Material to process below:

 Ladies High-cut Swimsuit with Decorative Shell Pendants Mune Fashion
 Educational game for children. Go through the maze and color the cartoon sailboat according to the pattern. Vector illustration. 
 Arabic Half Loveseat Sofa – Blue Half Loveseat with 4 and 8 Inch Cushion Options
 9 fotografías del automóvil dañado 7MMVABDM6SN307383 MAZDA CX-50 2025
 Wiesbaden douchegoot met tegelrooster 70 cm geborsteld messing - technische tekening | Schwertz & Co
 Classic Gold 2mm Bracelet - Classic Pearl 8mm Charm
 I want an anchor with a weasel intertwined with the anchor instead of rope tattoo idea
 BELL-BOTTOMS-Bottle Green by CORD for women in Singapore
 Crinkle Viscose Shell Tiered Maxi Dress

End of Material to process.

## [Task directions]
Filter the entries above down to the lines that hold the word "Shell", and copy those lines.

## [Task response]
 Ladies High-cut Swimsuit with Decorative Shell Pendants Mune Fashion
 Crinkle Viscose Shell Tiered Maxi Dress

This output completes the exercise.